OM-D EM-5. If weight is a consideration.


----------



## bholliman (Jun 4, 2013)

Zv said:


> What's your budget?



+1 It really depends on how much you want to spend. 

You listed these criteria:

Better autofocus 1DX, 5D3, 7D
Handling 1DX, 5D3, 6D, 7D, 60D
Low light performance 1DX, 6D, 5D3
Large, bright viewfinder 1DX, 5D3, 6D, 7D, 60D
Versatile (landscape, portrait, minimal action) 6D, 60D
Limited size and weight 6D, 60D, SL1, 650D

So, depending on how you weigh these factors, your choice could be anything from a 1DX to a SL1. The 6D might be best all-around option as it makes the list on all factors except "better autofocus" and its decent there, but not great. Fine for everything but a lot of fast moving sports.


----------



## DGcamera (Jun 7, 2013)

Thanks for the great reply. I think I'm leaning towards the 6d and 24-105 kit lens. In time I'll get the 70-200 f4 is and maybe a teleconverter Maybe one prime lens and I should be all set.
Thanks again


----------



## bholliman (Jun 7, 2013)

DGcamera said:


> Thanks for the great reply. I think I'm leaning towards the 6d and 24-105 kit lens. In time I'll get the 70-200 f4 is and maybe a teleconverter Maybe one prime lens and I should be all set.
> Thanks again



A 6D and 24-105 can do a lot! Adding a 70-200 and fast prime later sounds like a great plan.


----------



## RGF (Jun 7, 2013)

bholliman said:


> DGcamera said:
> 
> 
> > Thanks for the great reply. I think I'm leaning towards the 6d and 24-105 kit lens. In time I'll get the 70-200 f4 is and maybe a teleconverter Maybe one prime lens and I should be all set.
> ...



Good suggestion


----------



## cayenne (Jun 7, 2013)

DGcamera said:


> Thanks for the great reply. I think I'm leaning towards the 6d and 24-105 kit lens. In time I'll get the 70-200 f4 is and maybe a teleconverter Maybe one prime lens and I should be all set.
> Thanks again


Get the 70-200 f/2.8 instead....definitely worth the extra $$'s.
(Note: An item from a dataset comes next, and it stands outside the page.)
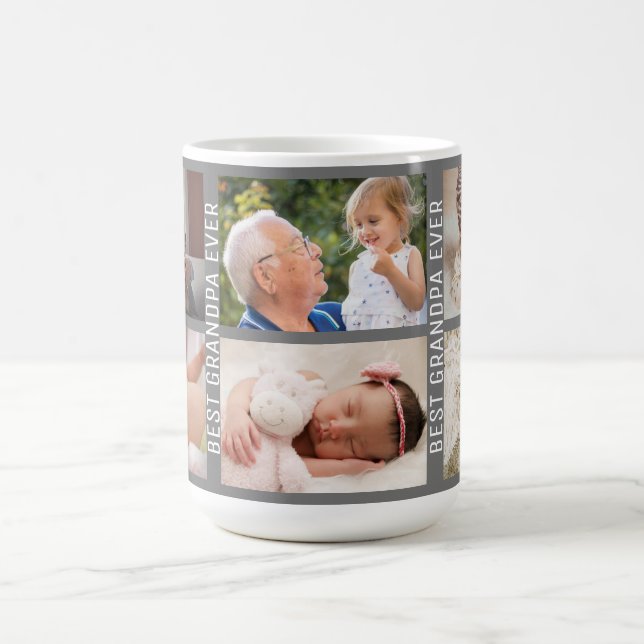 Caneca De Café Melhor Avô Ever 6 Cinzas de Colagem Personalizada  (Centro)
What prime are you looking to get?

C


----------



## Zv (Jun 7, 2013)

cayenne said:


> DGcamera said:
> 
> 
> > Thanks for the great reply. I think I'm leaning towards the 6d and 24-105 kit lens. In time I'll get the 70-200 f4 is and maybe a teleconverter Maybe one prime lens and I should be all set.
> ...



Only if OP needs that extra stop. To be honest I don't think it's worth paying twice as much as the f/4 unless you need the f/2.8. I'm sure the lens kicks ass but you can get by or otherwise there's the 135L if you need the extra light.


----------



## rihanishtiaq (Jun 7, 2013)

About the lens, 24-70 f/2.8 is also a good option if you have the budget to get it


----------



## Sebring5 (Jun 7, 2013)

6d although I recommend primes instead of zooms.


----------



## Zv (Jun 8, 2013)

Sebring5 said:


> 6d although I recommend primes instead of zooms.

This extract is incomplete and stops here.